Percy shrugged. “He’s brave, he speaks French like a Parisian, and he can shoot straight.”
“Two years ago you would have sent him back to the army.”
“True. Now I’m going to send him off to Sandy.” At a large country house in the village of Sandy, near the Tempsford airstrip, Brian would be dressed in French-style clothes and given the forged papers he needed to pass through Gestapo checkpoints and buy food. Percy got up and went to the door. “While I’m seeing him off, have a look at that rogues’ gallery, will you?” He pointed to the photos on the desk. “Those are all the pictures MI6 has of German officers. If the man you saw in the square at Sainte-Cdcile should happen to be among them, I’d be interested to know his name.” He went out.
Flick picked up one of the books. It was a graduation yearbook from a military academy, showing postage stamp-sized photos of a couple of hundred fresh-faced young men. There were a dozen or more similar books, and several hundred loose photos.
She did not want to spend all night looking at mug shots, but perhaps she could narrow it down. The man in the square had seemed about forty. He would have graduated at the age of twenty-two, roughly, so the year must have been about 1926. None of the books was that old.
She turned her attention to the loose photographs. As she flicked through, she recalled all she could of the man. He was quite tall and well dressed, but that would not show in a photo. He had thick dark hair, she thought, and although he was clean-shaven, he looked as if he could grow a heavy beard. She remembered dark eyes, clearly marked eyebrows, a straight nose, a square chin… quite the matinee idol, in fact.

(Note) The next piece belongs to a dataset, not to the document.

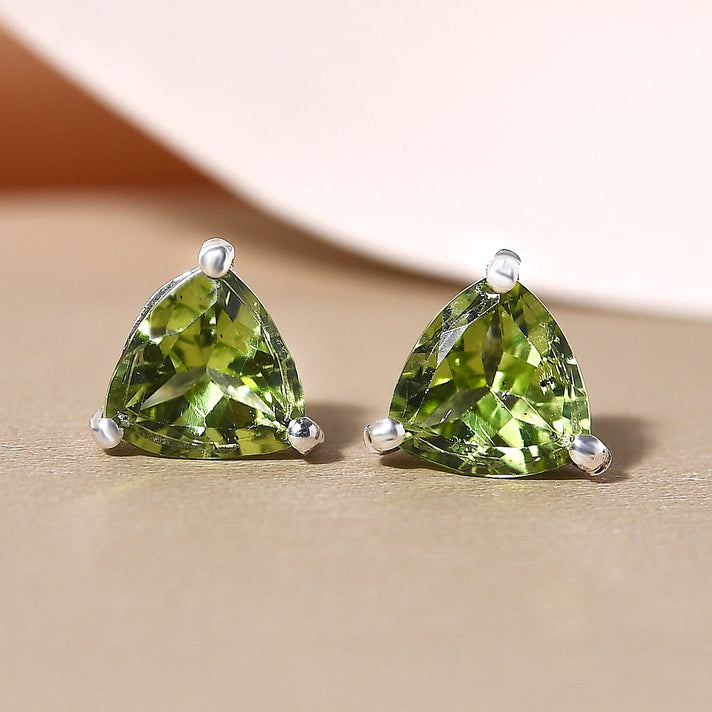 1.15  Ct. African Amethyst Solitaire Stud Earrings in Platinum Plated Sterling Silver 3815890 2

The loose photos had been taken in all sorts of different situations. Some were news pictures, showing officers shaking hands with Hitler, inspecting troops, or looking at tanks and airplanes. A few seemed to have been snapped by spies. These were the most candid shots, taken in crowds, from cars, or through windows, showing the officers shopping, talking to children, hailing a taxi, lighting a pipe.
She scanned the photos as fast as she could, tossing them to one side. She hesitated over each dark-haired man. None was as handsome as the one she recalled from the square. She passed over a photo of a man in police uniform, then went back to it. The uniform had at first put her off~ but on careful study she thought this was him.
She turned the photograph over. Pasted to the back was a typewritten sheet. She read:
FRANCK, Dieter Wolfgang, sometimes “Frankie”; born Cologne 3 June 1904; educ. Humboldt University of Berlin Koin Police Academy; mar. 1930 Waltraud Loewe, 1 son 1 dtr; Superintendent, Criminal Investigation Department, Cologne police, to 1940; Major, Intelligence Section, Afrika Korps, to?